Black Hat started 25 years ago as a way to monitor the activity of the Black Hats, the malicious hackers. While Black Hat has morphed into something almost unrecognizable from the early days. It is still the place to get the most up-to-date information from Black Hats around the globe. It is no surprise then that Ukraine took center stage at this conference.

The general news coming from Ukraine is what many have described as bleak. Most significantly Ukraine’s cyber chief Victor Zhora made an unannounced visit to Black Hat to address the audience. Zhora told attendees that Ukraine had detected over 1,600 "major cyber incidents" so far in 2022 Cyber incidents have also tripled since Russia invaded Ukraine. The most significant impacts from this come from DDoS attacks that have taken many Ukraine government agencies offline as well as targeted malware like Industroyer2 which specifically attacks energy systems in Ukraine.

“This is perhaps the biggest challenge since World War Two for the world, and it continues to be completely new in cyberspace.” Victor Zhora

Briefings on Ukraine also included senior threat researchers from SentinelOne Thomas Hegel and Juan Andres Guerrero who gave a detailed breakdown of the Cyber War happening in Ukraine.

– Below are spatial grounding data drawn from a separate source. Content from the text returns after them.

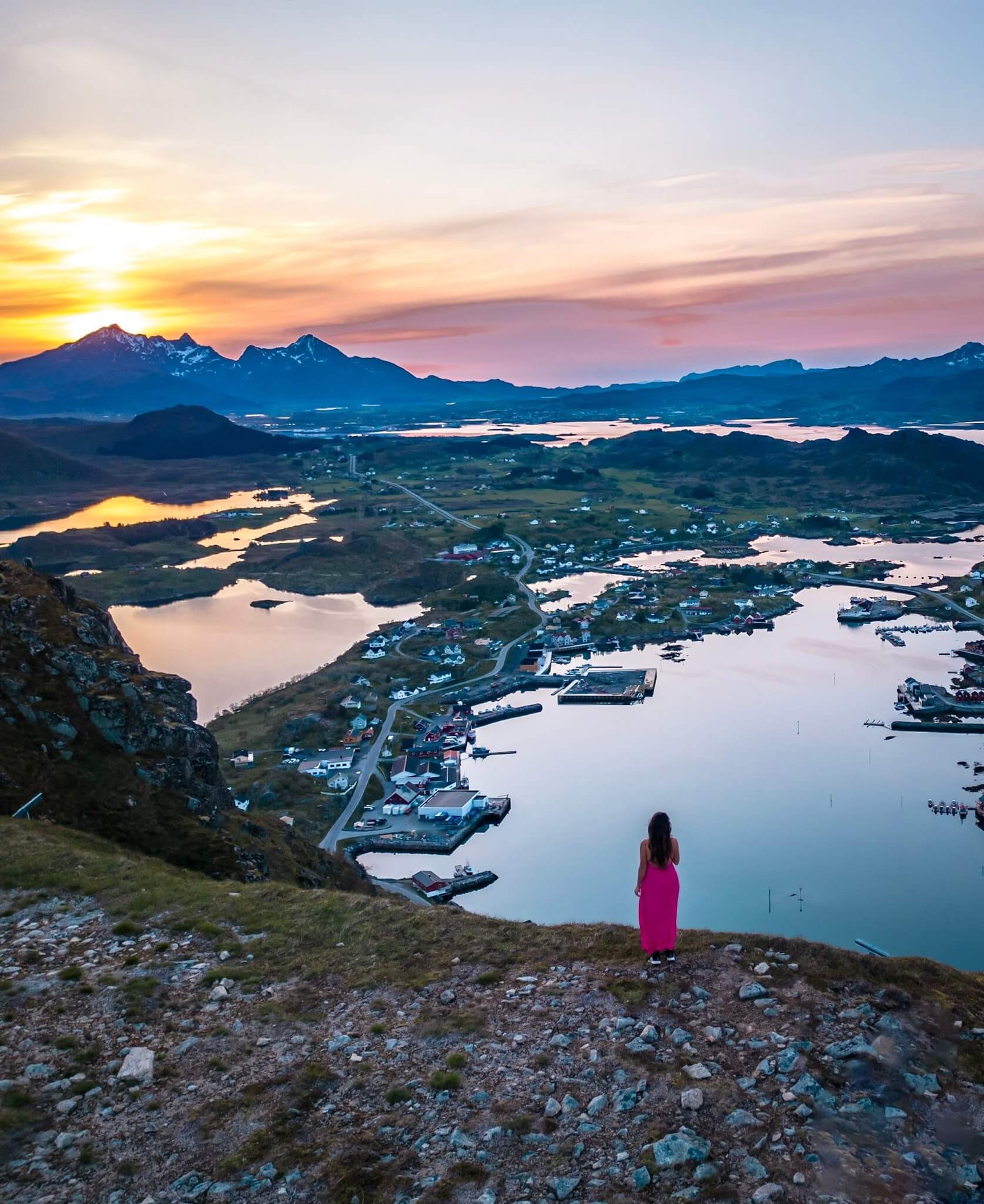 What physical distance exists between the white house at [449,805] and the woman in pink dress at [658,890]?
2760cm

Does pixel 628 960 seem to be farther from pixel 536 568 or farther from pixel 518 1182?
pixel 536 568

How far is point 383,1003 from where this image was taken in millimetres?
8367

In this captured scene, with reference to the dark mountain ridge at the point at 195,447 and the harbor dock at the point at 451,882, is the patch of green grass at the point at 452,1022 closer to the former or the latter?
the harbor dock at the point at 451,882

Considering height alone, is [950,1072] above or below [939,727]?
above

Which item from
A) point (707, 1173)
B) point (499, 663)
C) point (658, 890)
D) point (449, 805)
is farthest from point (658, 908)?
point (499, 663)

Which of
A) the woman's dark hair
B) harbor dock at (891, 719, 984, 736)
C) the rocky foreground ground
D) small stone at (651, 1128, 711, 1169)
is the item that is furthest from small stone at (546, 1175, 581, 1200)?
harbor dock at (891, 719, 984, 736)

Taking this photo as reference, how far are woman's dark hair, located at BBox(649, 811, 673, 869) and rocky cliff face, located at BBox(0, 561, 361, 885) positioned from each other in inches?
319

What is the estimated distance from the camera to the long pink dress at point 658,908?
792 cm

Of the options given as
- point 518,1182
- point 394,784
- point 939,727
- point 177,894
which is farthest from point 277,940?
point 939,727

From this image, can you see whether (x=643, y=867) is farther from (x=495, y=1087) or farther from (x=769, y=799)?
(x=769, y=799)

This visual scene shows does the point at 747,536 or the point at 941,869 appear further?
the point at 747,536

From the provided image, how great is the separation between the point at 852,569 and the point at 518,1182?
8118 cm

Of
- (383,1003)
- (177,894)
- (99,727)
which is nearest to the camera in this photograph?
(383,1003)

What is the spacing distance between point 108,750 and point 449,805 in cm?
2222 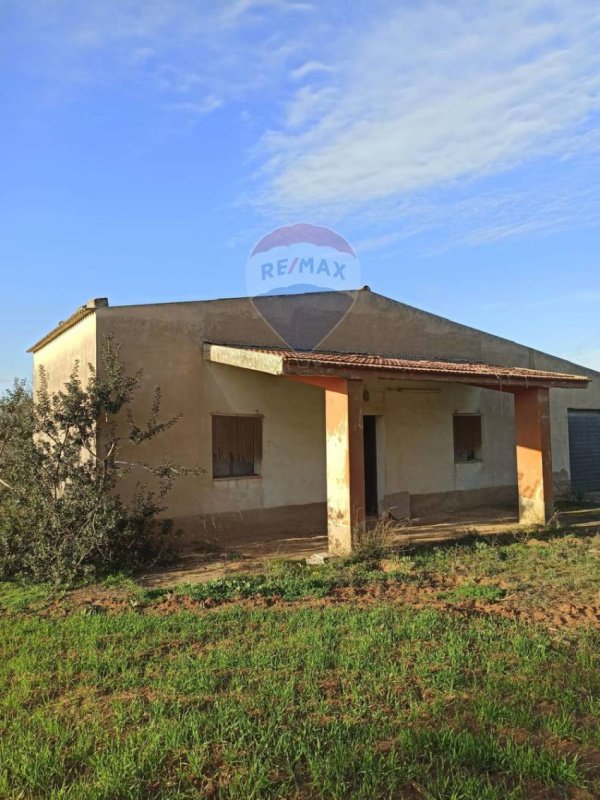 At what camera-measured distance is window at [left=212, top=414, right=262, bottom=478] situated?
1038 cm

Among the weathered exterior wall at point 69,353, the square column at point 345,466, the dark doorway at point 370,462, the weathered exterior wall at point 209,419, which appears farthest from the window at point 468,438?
the weathered exterior wall at point 69,353

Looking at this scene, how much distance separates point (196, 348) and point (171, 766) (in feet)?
24.8

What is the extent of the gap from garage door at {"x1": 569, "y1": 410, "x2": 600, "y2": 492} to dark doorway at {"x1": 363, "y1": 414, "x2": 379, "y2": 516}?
6.44 meters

One of the key points clarified in this session is that the term Cyber War gives the idea it is somehow disconnected from a physical war. But in fact, the attacks are physical. They are shutting down real infrastructure disrupting planning and having a real impact on a real war.

“We keep expecting it to be its own domain of warfare, that one day we will have a war completing online but this isn’t the case.” Thomas Hegel

Other Ukraine-focused briefings looked into the technical details behind Industroyer2. Interestingly this was delivered by the same researchers who, 5 years ago, outlined Industroyer itself.

“Industroyer was the first piece of malware to attack the power grid in an automated way.” Robert Lipovsky

What can be learned from much of the research presented on Ukraine is that the attacks could have been much worse. Industoryer2 is the most significant attack on Ukraine based on its potential outcome, however, it was stopped before it even caused a blackout in Ukraine.

“This was the most significant cyber attack, even if unsuccessful, during the war thus far.” Robert Lipovsky

Ultimately what was learned throughout all the sessions on Ukraine at Black Hat is a look at what modern, and future, cyberwarfare will look like. It is not a separate domain that is linked but disconnected from the physical war. It takes the form of attacks that are trying to actively disrupt physical activity. But through preparations and collaboration from the community, we are able to prevent and disrupt these attacks.

Final Notes

Black Hat can be overwhelming with the amount of information jammed into a few days! Ultimately it gives us a look into where the industry and community are heading from a holistic view. We can see a clear trend in attacks from this year's briefings with many adversaries now targeting the components that make up the software development lifecycle and the response from public agencies and vendors to define the new guidelines, frameworks, and tools that will help public and private organizations alike build a resilient software supply chain.